Top of MATERIAL PROVIDED

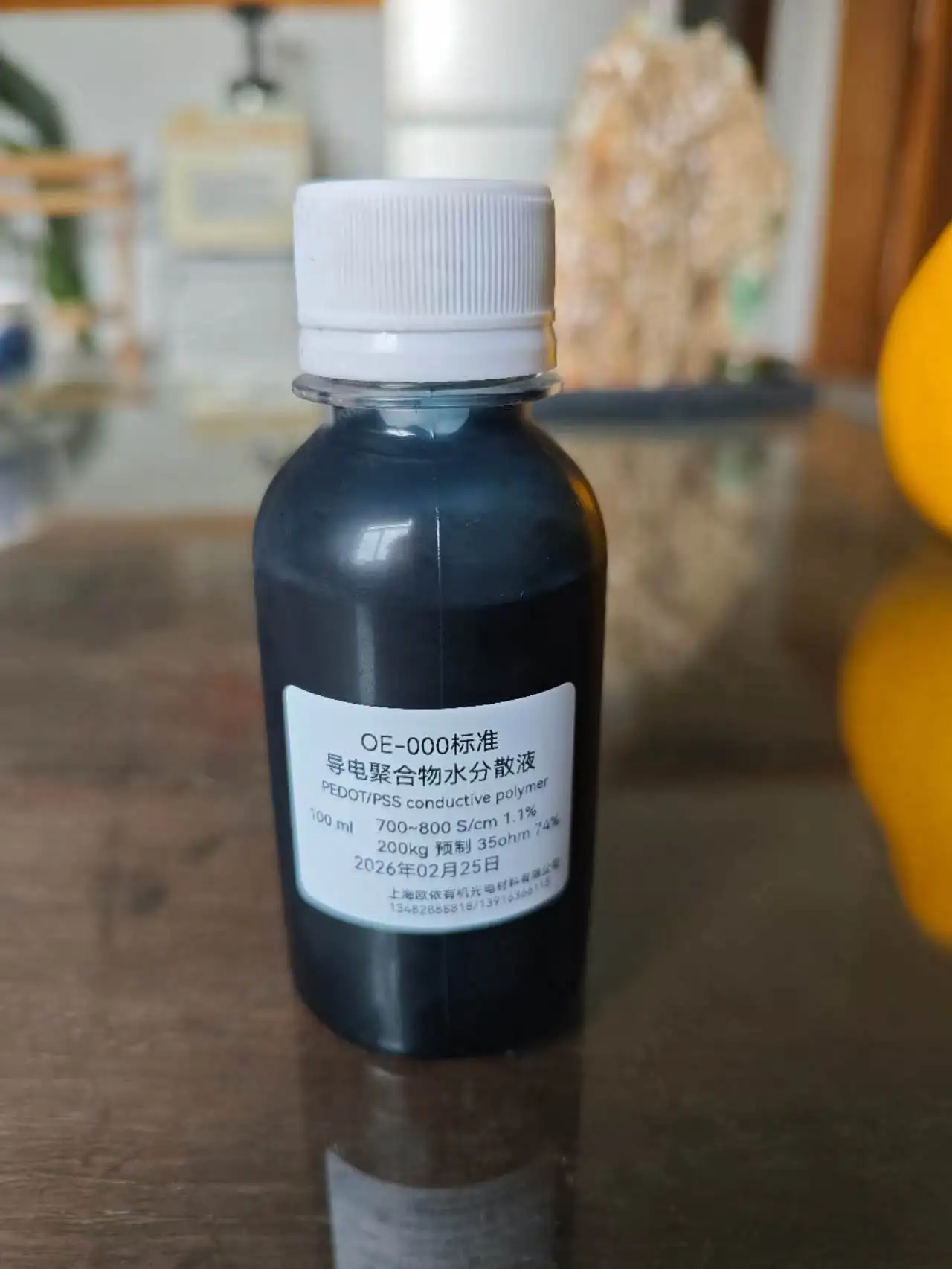 PEDOT:PSS Aqueous Dispersion – OE-000 500ml | High Conductivity 800 S/cm | Hole Transport Layer Ink for OPV, OLED & Perovskite S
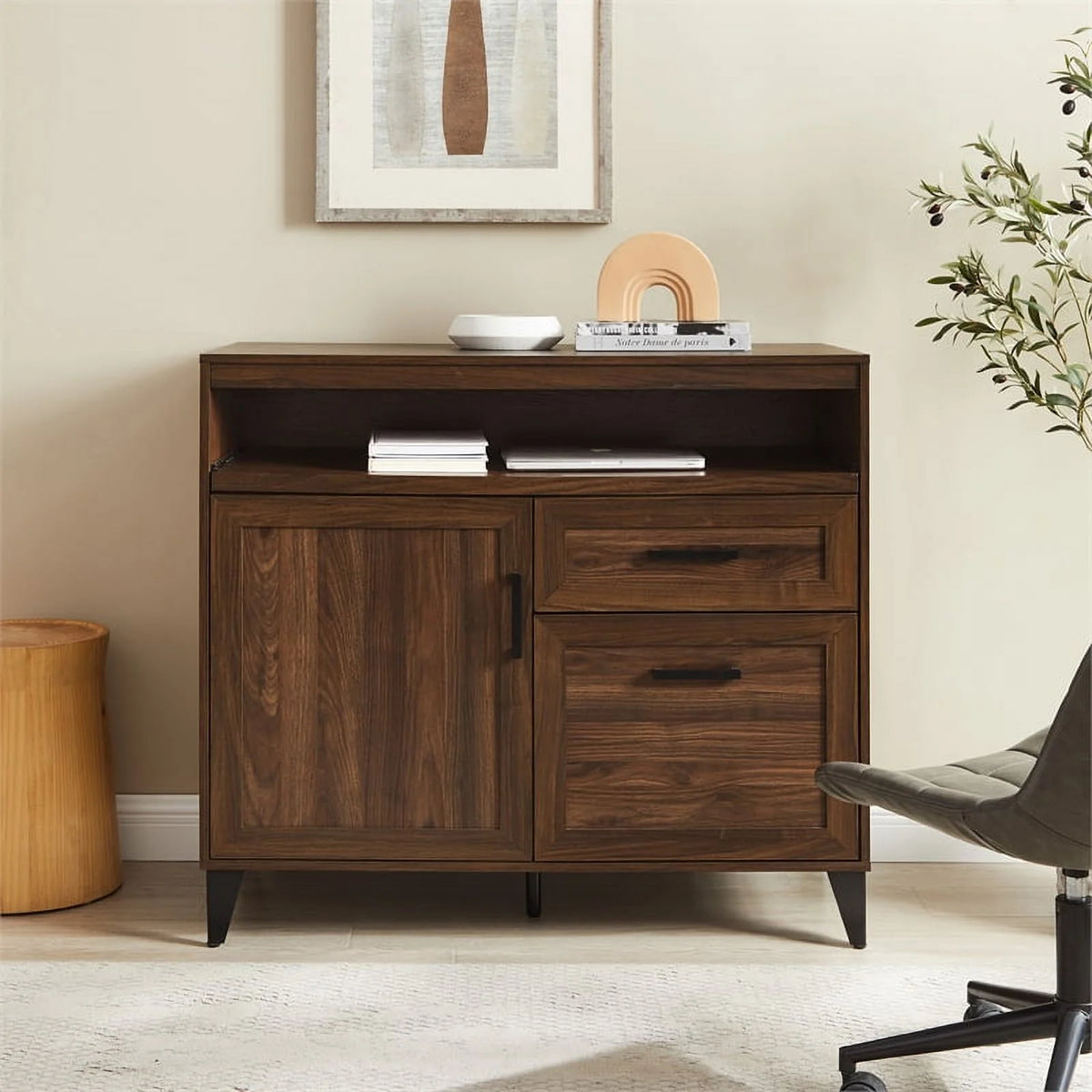 Dark Walnut 2 Drawer Wood Secretary Desk Sideboard O274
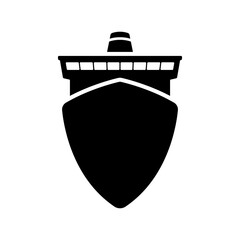 Ship icon. Black silhouette. Front view. Vector simple flat graphic illustration. Isolated object on a white background.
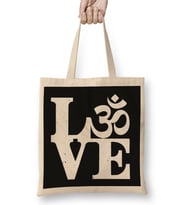 Om Love Om Symbol Bez Çanta Uzun Saplı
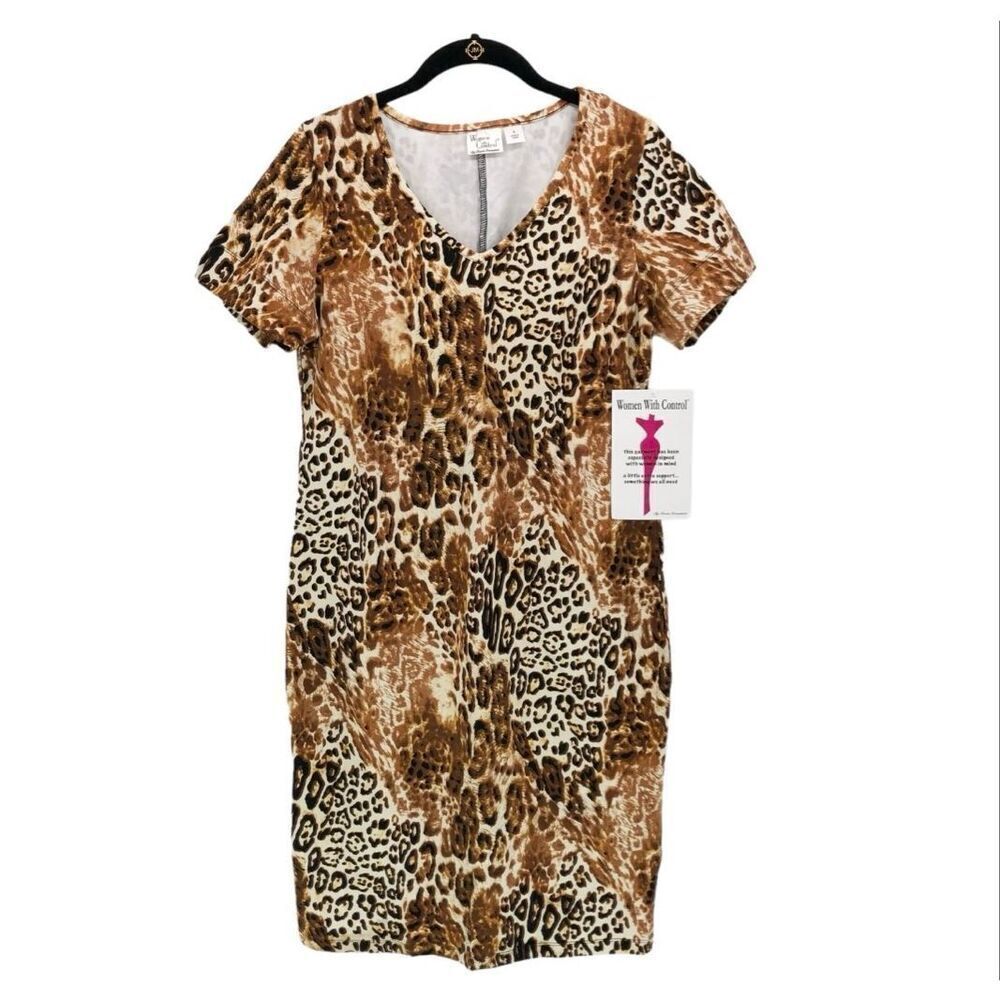 Women With Control Size S Fitted Shapewear Dress Mixed Animal Print Slimming NWT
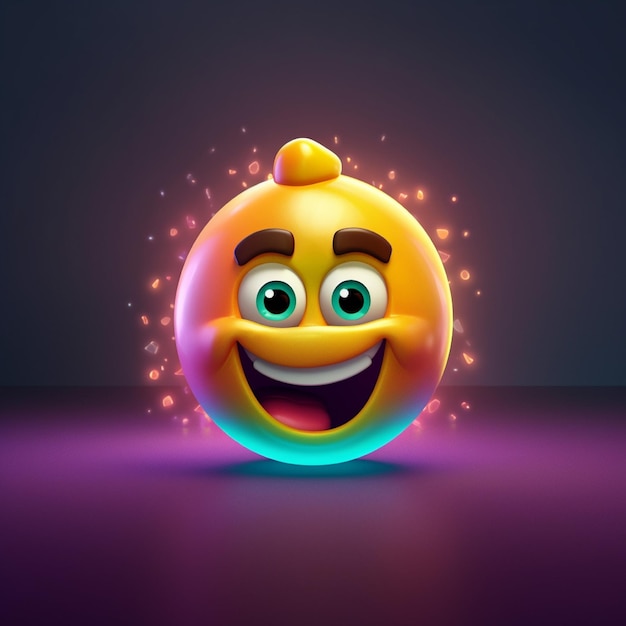 Emoticon amarelo sorridente em fundo escuro renderização em 3d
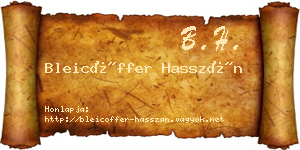 Bleicöffer Hasszán névjegykártya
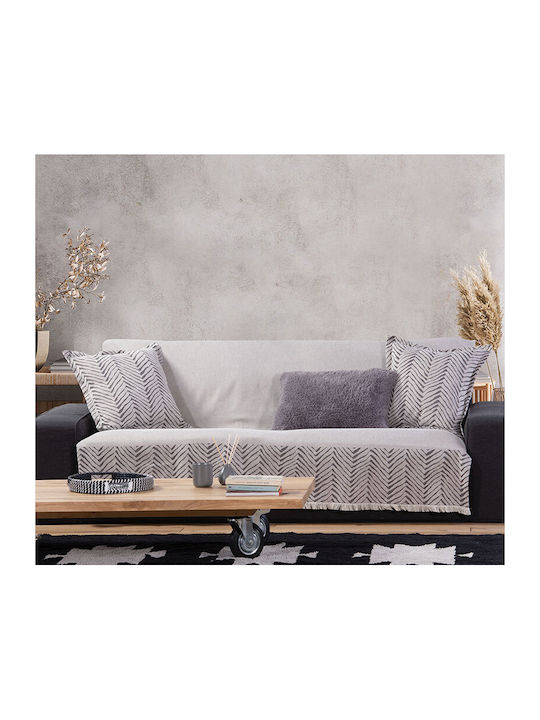 Nef-Nef Homeware Three-Seater Sofa Throw Marty 170x300cm Grey 032315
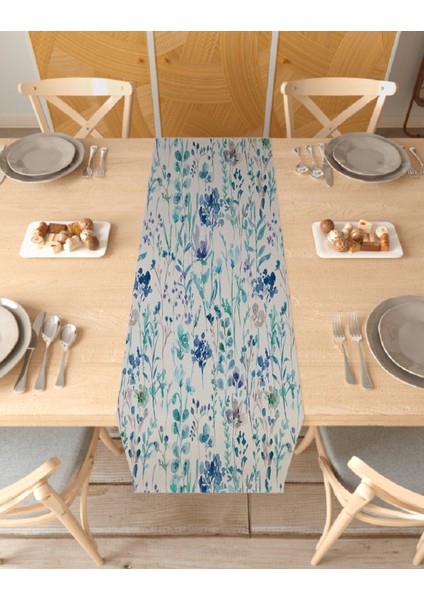 Yaprak Çiçek Baskılı Masa Runner Dijital Baskılı Masa Örtüsü Modern Dekoratif Örtü Masa Dekorasyonu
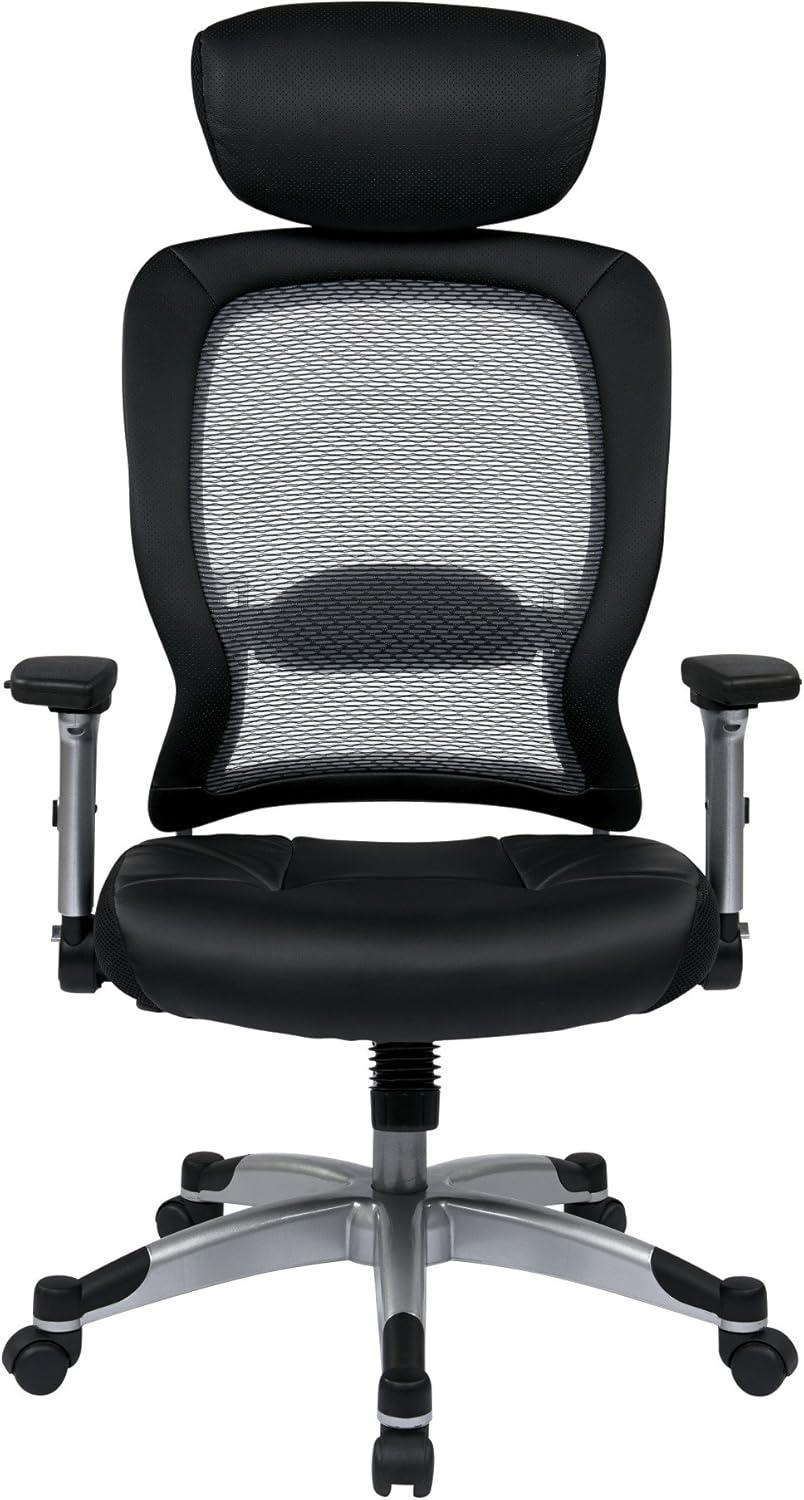 Black Mesh and Leather High Back Executive Swivel Chair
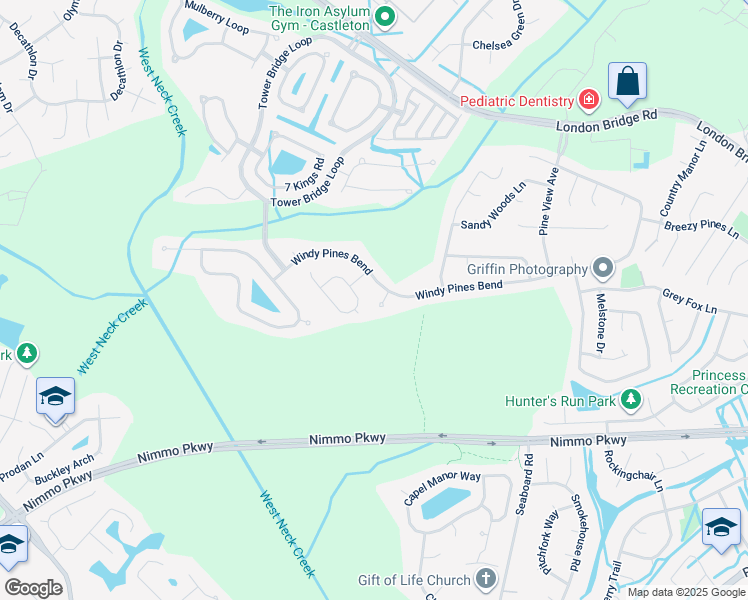 map of restaurants, bars, coffee shops, grocery stores, and more near 2404 Autumn Leaf Court in Virginia Beach
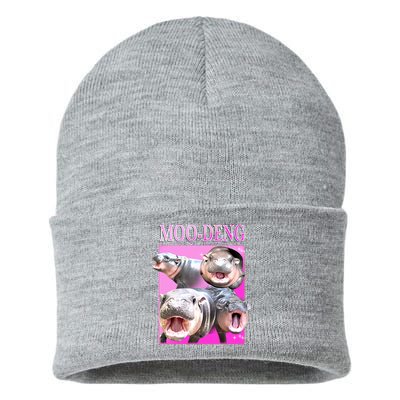 Hot Pink Moo Deng Hippo Meme Funny Sustainable Knit Beanie
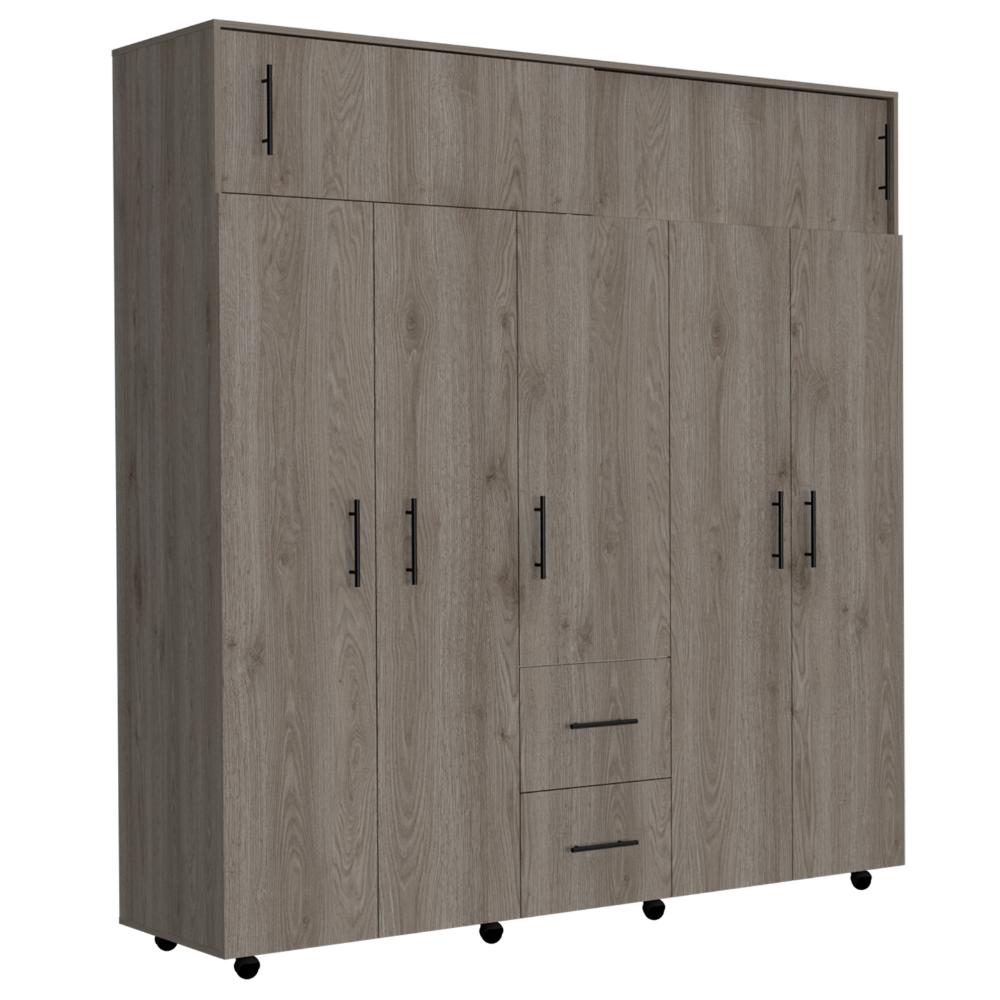 CLOSET ALANA, HUMO Y BLANCO, CON GRAN CAPACIDAD DE ALMACENAMIENTO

Bottom of MATERIAL PROVIDED

§ **EXERCISE**
Look above for the line containing "map of restaurants, bars, coffee", then retype it and each line after it to the end of the records, exactly and without pictures.

§ **OUTPUT**
 map of restaurants, bars, coffee shops, grocery stores, and more near 2404 Autumn Leaf Court in Virginia Beach
 Hot Pink Moo Deng Hippo Meme Funny Sustainable Knit Beanie
 CLOSET ALANA, HUMO Y BLANCO, CON GRAN CAPACIDAD DE ALMACENAMIENTO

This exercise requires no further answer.